We are all quite used to the concept of carbon footprint, a tool that helps us calculate how much we are personally contributing to climate change. Our footprint might take into account electricity usage, how many miles we drive, our water usage and eating habits, how much we fly, and how much garbage we accumulate. But all these calculations could not be enough.

 

Beyond the carbon footprint

The problem is that our carbon footprints don’t give an accurate picture of our true individual impact on the climate crisis. Emma Pattee, climate journalist and author of this concept, gives a very clear example:

There are two people, one flies weekly for work, the other lives in a studio apartment and walks to the office every day. On the surface, it’s clear who has the bigger carbon footprint. But if the weekly flier is a climate scientist who travels around the world teaching about the dangers of climate change and the second person works for a marketing agency making ads for an oil company, who is contributing more to the climate emergency really?

By paying attention just to our carbon footprints, we risk to spend all our energy on low-impact individual actions that are easy to quantify, like recycling or turning off lights, instead of putting that energy toward more meaningful work, like lobbying local politicians.

If we have any chance at slowing climate change, we desperately need a more comprehensive metric. We need something that truly encompasses the total impact each of us has on the climate crisis. So what do we need?

Here’s the climate shadow

The climate shadow is a concept created to help us visualize how the sum of our life’s choices influence the climate emergency. It can be seen as a dark shape stretching out behind us, everywhere we go, and records everything we do, or don’t do, in terms of our impact on the planet.

In this more comprehensive metric there is space for consumption habits, of course, like eating fast food, buying clothes every week from the fast fashion industry, or spending money that goes toward a company that is sustainable long-term – this is all carbon footprint. But there is also room for two other aspects, choices and attention. Choices include how we donate and invest our money, the number of children and pets we choose to have, what kind of company we work for and the kind of work we do. While attention, perhaps the most important, is how many hours  we devote to climate action compared to other things we spend my time on.  

The power of climate shadow is that, unlike a carbon footprint, it includes actions that defy easy calculation. It also includes contagious behaviors, like installing solar panels, giving up flying, supporting reforestation projects, or talking about climate change in everyday conversation.

Reforestation as a climate choice

One way in which we can all choose to contribute, individually or collectively, to climate action is by supporting reforestation campaigns and projects. Planting trees is one of the biggest and cheapest ways of taking CO2 out of the atmosphere to tackle the climate crisis. As trees grow, they absorb and store the carbon dioxide emissions that are driving global heating – 400 tons of carbon can be locked into just 1 hectare.

A study published in the journal Science in 2019 found Earth’s ecosystems could support another 900 million hectares of forests, 25% more forested area than we have now.
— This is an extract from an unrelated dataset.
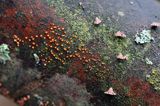 Łzawik rozciekliwy, Dacryomyces stillatus, na martwym pniu, las na Otrycie, buczyna, Bieszczady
And by planting about 500 billion trees we could reduce atmospheric carbon by about 25%. That’s enough to negate about 20 years of human-produced carbon emissions at the current rate. For all of these reasons, climate scientists have hailed the benefits of planting trees and protecting the trees that we already have.

Take a stand

It is certainly an important step to know and pay attention to our carbon footprint, but the current climate emergency requires each of us to go beyond changing our habits. We must actively engage with our life choices and collective actions, spreading awareness about the climate crisis, drowning out those companies or organisations that work against the planet while deciding to support those that act for it.

If we are to try to stop the worst of the climate crisis from happening, we must change not just our habits, but our society and how it works. And in this, thinking about our climate shadow can help us open our eyes and take a stand.